About this task =
Locate the word "Volvo" in the data below, then copy every line that holds it.

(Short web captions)
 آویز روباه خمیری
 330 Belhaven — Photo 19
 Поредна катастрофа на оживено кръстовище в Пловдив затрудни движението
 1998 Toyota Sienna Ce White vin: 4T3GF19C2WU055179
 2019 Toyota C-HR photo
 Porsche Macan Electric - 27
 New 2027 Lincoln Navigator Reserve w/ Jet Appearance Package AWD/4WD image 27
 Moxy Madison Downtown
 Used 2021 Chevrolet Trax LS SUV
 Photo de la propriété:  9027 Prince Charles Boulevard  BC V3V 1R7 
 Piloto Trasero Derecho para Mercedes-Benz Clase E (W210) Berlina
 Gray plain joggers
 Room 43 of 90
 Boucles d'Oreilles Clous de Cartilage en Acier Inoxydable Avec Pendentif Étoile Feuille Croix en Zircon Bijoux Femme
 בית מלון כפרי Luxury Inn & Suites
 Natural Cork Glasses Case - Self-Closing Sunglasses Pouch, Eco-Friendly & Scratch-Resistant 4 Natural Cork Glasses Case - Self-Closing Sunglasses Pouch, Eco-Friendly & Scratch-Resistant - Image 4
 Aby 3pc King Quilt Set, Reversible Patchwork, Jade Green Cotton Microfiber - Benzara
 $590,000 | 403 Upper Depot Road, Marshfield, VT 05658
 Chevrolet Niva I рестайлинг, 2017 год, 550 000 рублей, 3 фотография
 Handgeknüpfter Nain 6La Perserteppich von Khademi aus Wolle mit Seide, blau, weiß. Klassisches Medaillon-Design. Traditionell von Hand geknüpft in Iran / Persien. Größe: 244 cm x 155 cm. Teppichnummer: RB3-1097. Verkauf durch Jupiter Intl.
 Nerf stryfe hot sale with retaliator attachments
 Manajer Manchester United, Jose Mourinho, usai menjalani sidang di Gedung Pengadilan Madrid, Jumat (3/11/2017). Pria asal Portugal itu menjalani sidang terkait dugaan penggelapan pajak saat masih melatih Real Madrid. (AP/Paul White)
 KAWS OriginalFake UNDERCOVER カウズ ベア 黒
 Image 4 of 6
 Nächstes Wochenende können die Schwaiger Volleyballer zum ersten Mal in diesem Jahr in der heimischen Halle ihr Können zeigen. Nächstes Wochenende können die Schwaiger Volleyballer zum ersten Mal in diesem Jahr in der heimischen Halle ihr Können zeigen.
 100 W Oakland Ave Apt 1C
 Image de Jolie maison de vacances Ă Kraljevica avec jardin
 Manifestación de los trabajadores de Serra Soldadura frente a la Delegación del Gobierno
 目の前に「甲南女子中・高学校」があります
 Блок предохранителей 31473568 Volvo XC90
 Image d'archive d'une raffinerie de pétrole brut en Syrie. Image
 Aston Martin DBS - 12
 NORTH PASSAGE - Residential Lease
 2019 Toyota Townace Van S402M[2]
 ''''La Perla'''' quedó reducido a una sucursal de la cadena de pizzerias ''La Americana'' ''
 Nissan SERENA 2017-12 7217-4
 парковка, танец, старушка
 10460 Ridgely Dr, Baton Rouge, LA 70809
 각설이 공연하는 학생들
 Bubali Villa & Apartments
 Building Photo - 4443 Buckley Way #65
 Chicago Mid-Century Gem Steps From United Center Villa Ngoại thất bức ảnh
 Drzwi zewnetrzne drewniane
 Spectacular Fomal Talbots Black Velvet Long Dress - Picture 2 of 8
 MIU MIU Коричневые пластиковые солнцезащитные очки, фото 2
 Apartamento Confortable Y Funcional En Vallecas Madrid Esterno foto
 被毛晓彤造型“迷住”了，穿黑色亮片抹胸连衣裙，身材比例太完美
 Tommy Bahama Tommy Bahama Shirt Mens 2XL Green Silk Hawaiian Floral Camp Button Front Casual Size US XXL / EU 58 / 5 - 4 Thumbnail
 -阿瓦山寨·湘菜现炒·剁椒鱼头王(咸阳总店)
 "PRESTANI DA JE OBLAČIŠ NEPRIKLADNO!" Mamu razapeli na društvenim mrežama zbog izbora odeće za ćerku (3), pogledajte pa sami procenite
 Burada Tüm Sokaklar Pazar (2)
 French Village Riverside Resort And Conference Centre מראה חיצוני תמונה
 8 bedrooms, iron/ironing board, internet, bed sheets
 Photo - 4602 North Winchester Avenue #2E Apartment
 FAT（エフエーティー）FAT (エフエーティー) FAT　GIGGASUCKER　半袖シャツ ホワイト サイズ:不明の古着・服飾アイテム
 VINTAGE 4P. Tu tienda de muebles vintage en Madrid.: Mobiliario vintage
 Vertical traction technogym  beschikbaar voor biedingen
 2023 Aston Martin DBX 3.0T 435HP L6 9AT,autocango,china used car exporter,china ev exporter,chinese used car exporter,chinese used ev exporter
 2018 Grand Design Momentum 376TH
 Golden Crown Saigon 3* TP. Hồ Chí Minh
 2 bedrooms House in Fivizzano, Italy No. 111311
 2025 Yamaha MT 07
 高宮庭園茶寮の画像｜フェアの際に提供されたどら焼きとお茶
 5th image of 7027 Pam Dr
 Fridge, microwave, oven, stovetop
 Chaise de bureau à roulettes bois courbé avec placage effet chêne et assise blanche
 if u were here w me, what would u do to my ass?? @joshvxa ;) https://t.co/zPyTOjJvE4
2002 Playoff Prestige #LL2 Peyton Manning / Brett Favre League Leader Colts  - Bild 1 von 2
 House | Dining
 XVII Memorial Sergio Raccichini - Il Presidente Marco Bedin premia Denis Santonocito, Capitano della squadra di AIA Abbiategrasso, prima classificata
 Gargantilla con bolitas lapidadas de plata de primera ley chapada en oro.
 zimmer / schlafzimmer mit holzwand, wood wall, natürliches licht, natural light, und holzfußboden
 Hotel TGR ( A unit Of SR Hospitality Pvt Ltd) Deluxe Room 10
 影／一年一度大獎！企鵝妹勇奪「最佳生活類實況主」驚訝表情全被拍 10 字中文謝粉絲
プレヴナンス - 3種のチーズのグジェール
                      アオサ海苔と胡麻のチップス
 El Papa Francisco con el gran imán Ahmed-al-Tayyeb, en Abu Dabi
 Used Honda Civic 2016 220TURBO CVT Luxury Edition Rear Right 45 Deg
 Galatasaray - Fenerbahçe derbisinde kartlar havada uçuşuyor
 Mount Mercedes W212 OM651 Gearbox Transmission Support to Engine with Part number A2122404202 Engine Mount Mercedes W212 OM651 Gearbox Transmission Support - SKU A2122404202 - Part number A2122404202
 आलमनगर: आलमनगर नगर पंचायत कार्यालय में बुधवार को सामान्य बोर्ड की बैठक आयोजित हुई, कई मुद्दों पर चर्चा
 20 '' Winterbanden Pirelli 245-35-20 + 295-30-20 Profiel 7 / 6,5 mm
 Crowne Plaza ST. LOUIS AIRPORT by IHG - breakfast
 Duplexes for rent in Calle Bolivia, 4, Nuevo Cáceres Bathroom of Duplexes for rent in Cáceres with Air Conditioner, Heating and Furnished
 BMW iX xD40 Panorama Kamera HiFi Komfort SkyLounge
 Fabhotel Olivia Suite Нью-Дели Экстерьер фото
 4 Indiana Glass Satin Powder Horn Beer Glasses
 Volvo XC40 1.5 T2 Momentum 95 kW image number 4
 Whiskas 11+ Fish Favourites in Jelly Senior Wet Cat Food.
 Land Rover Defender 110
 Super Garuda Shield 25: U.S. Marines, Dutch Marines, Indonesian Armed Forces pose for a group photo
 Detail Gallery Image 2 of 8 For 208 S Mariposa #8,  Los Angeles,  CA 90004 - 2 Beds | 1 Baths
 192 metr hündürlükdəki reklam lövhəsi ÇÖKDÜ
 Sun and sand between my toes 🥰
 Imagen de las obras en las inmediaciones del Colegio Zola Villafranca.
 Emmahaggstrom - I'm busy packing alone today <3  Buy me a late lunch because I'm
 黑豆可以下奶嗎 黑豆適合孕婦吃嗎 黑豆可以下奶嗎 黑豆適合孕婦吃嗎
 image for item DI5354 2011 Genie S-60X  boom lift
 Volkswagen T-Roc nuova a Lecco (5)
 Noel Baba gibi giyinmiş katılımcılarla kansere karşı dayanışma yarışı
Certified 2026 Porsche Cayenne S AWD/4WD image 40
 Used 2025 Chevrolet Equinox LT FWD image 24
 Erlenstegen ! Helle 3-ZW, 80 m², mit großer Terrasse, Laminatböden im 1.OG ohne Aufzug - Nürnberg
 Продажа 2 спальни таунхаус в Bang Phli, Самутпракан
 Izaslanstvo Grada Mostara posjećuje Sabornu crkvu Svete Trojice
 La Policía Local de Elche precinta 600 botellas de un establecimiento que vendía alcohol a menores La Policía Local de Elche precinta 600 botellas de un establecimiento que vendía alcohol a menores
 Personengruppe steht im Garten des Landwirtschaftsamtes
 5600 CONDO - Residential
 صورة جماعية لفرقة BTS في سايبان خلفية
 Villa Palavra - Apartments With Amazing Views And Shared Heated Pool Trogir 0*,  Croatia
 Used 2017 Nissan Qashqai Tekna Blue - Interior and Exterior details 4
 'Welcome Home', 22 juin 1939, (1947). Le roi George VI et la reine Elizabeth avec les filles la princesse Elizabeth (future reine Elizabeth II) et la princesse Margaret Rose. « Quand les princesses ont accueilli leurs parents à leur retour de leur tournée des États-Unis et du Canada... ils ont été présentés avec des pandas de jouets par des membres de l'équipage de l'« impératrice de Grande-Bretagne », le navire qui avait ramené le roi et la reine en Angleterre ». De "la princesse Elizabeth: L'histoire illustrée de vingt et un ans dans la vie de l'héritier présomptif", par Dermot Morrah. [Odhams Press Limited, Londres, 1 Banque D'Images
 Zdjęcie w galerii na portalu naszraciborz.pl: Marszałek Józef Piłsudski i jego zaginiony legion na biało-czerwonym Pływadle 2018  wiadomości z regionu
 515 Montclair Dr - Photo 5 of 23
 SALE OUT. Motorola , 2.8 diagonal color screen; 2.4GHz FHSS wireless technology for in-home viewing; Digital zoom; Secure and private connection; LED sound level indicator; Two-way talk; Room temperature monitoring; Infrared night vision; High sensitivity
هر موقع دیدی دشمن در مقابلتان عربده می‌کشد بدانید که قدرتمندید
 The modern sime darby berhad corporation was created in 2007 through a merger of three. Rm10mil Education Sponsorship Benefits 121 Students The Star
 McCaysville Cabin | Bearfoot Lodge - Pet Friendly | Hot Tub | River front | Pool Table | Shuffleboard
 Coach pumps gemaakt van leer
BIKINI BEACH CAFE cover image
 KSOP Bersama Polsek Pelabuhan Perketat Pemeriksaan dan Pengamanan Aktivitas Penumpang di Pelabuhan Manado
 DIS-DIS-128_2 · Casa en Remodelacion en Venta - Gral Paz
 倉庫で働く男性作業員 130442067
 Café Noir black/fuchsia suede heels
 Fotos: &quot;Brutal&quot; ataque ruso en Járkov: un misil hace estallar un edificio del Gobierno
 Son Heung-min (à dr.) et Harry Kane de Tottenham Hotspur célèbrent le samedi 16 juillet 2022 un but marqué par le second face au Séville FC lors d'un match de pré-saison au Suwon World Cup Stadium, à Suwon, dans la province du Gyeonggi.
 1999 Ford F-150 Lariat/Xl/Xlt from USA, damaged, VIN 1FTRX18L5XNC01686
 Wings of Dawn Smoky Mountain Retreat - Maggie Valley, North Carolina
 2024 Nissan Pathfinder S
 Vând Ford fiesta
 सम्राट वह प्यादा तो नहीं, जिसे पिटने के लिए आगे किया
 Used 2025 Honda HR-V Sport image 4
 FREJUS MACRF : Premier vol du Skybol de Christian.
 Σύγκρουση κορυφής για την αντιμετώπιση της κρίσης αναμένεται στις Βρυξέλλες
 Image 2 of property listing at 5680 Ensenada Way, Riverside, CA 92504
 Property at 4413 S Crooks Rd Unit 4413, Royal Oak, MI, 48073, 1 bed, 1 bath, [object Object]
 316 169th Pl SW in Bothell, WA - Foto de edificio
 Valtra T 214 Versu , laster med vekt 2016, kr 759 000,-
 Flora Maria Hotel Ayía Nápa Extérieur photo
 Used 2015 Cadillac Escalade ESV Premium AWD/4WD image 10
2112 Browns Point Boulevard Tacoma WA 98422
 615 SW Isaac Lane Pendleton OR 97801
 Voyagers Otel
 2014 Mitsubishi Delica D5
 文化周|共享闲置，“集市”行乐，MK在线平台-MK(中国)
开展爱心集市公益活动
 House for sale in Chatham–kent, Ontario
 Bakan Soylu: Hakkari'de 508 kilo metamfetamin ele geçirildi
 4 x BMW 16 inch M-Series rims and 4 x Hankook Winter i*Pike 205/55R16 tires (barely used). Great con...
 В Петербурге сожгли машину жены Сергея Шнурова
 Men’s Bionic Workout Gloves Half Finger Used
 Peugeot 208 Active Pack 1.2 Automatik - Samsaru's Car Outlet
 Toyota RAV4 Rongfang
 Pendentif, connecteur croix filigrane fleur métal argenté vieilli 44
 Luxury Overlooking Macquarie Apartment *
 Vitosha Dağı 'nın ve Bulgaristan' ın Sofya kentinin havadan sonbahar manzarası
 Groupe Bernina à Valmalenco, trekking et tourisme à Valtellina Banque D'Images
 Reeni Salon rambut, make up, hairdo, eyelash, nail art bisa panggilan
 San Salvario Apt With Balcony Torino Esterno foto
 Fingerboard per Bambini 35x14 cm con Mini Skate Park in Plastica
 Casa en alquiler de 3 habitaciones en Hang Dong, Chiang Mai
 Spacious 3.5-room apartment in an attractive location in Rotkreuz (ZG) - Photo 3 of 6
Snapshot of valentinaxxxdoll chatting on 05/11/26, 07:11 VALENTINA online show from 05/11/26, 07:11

Exercise answer =
 Блок предохранителей 31473568 Volvo XC90
 Volvo XC40 1.5 T2 Momentum 95 kW image number 4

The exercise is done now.